In my many years of working in the industry I’ve become used to working with fabrics that are both agile and durable. One of the challenges we have is many costumes are easy for an artist to move in, but cannot hold up or have enough grip on the apparatus. For example, the cyborg costumes, that are worn during the V-Poles act look fantastic and very easy for the artists to move in, but many of their moves would slip on the apparatus, something that could be detrimental to the performers. The Belgian costume team chose to purchase jeans and dye them different colours, so there would be friction between the costume and pole, creating a grip.

When the shows start what does your job involve?

I’m always on hand for emergencies backstage on every show. We ensure the costumes look the way they should when they enter the stage.

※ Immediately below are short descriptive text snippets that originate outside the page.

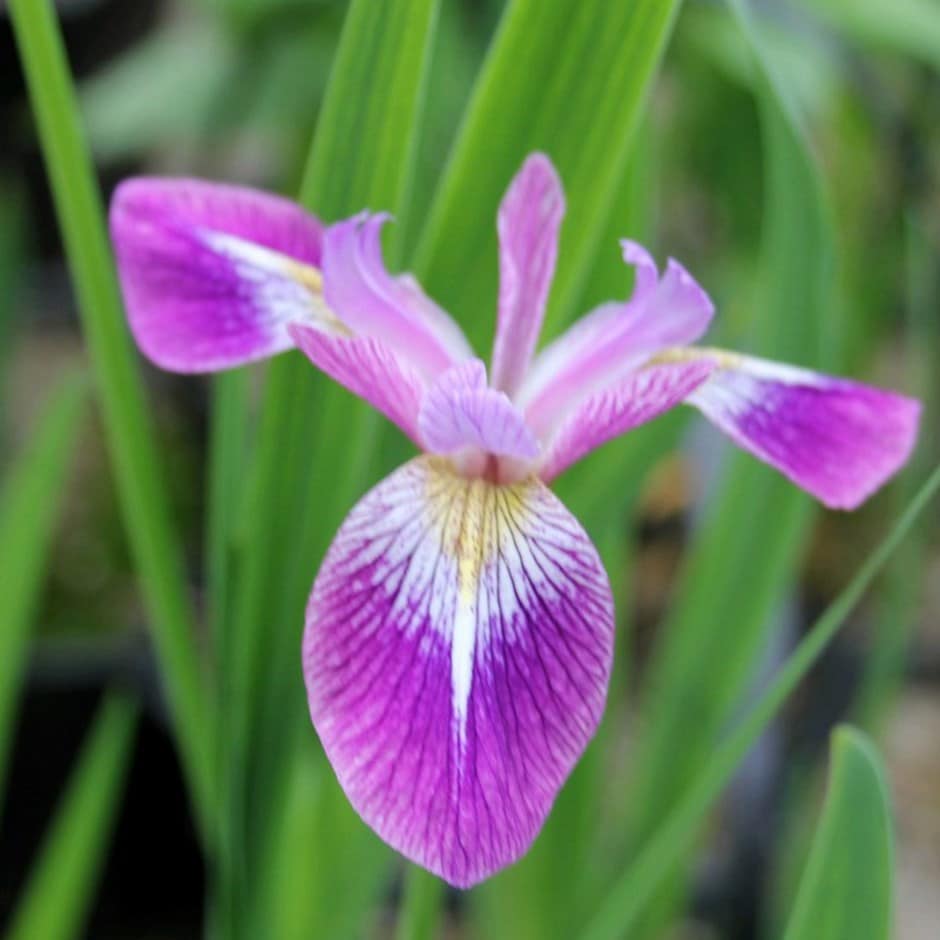 <i>Iris versicolor</i> 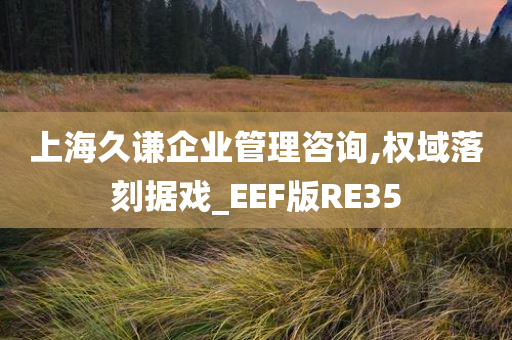 上海久谦企业管理咨询,权域落刻据戏_EEF版RE35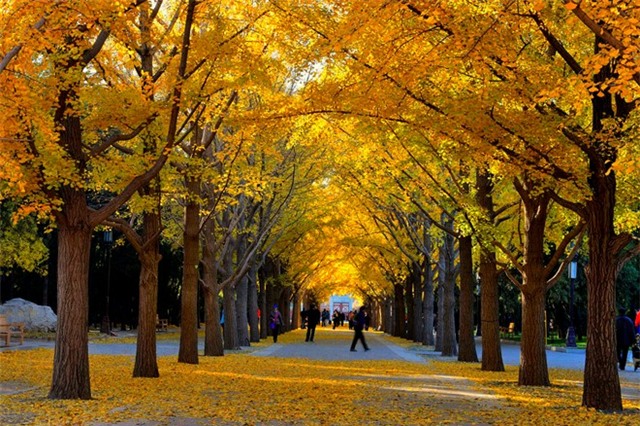 Công viên Địa Đàn (Ditan Gongyuan). Theo sử sách ghi chép lại, Địa Đàn có rất nhiều Ngân hạnh cổ, được trồng từ khi xây dựng công viên (năm 1530) nên mùa thu nơi đây không chỉ đẹp mà còn mang ý nghĩa lịch sử. Ảnh: Sina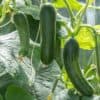Zucchini plants Snackkomkommer Iznik F1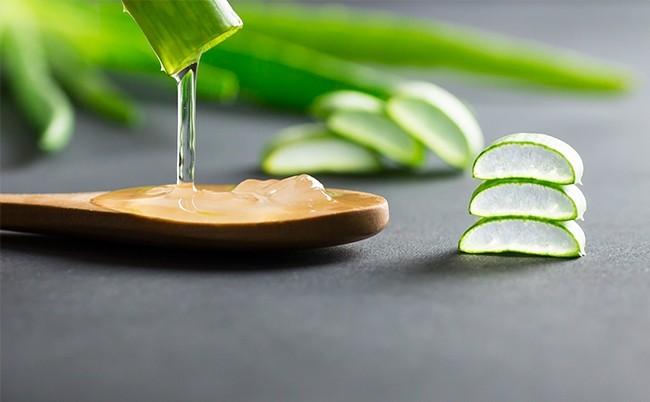 Aloe Vera Vücuda Nasıl Uygulanır?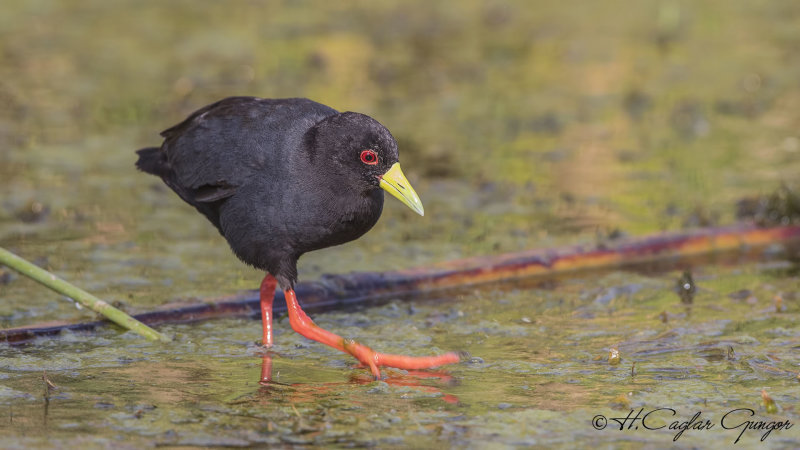 Black Crake - Amaurornis flavirostra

I oversee the quickchange teams who run each and every show so smoothly, they truly make it look effortless some days. My job involves a lot of running sometimes as I go from vom-to-vom [the entry points onto the stage for the artists] throughout the show, but it also means I rely heavily on my awesome team who really does the heavy lifting.

What are the challenges for the wardrobe department in having to deal with back-to-back shows five days a week?

As we currently have just one set of custom-made costumes for the original opening cast the challenge is the turnaround time. With limited time between shows the team takes all the wet costumes and shoes down to the costume care room where we spin the water out and hang all items in the convection drying room for as much time as possible. The effects of use in pool water on the costumes is very demanding for the department. All the costumes must be washed by hand or on a gentle machine cycle, then hung to dry night-after-night. The team has to dedicate hours each week to mending and restoring the costumes, so they’re ready to go on stage every night.

It’s not just the costumes that have to be constantly repaired either, because the show is so physically demanding, on a stage surface that is unforgiving, the cast’s shoes and soles often break or develop holes. We have a machine, (possibly the most used machine in our department) so we can cobble back the shoes to their almost-original state. It’s a lifesaver.

What is your favourite costume in the show and why?

The Dervishes are my favourite because they are a piece of art from head to toe. The use of lights in the costume really make it stand out on stage, especially as the set is so dark when they enter. I also love the symbolism the Dervishes represent and the strong nod to the Middle Eastern tradition.

There is a cast member who wears traditional Emirati clothes… how do you keep the bisht and ghutrah on?

We initially fit the head dress the traditional way but then it is carefully stitched together. Although appears to feature the traditional draping it has been secured to ensure it doesn’t come off through the performance or during the quick-changes the performer will have.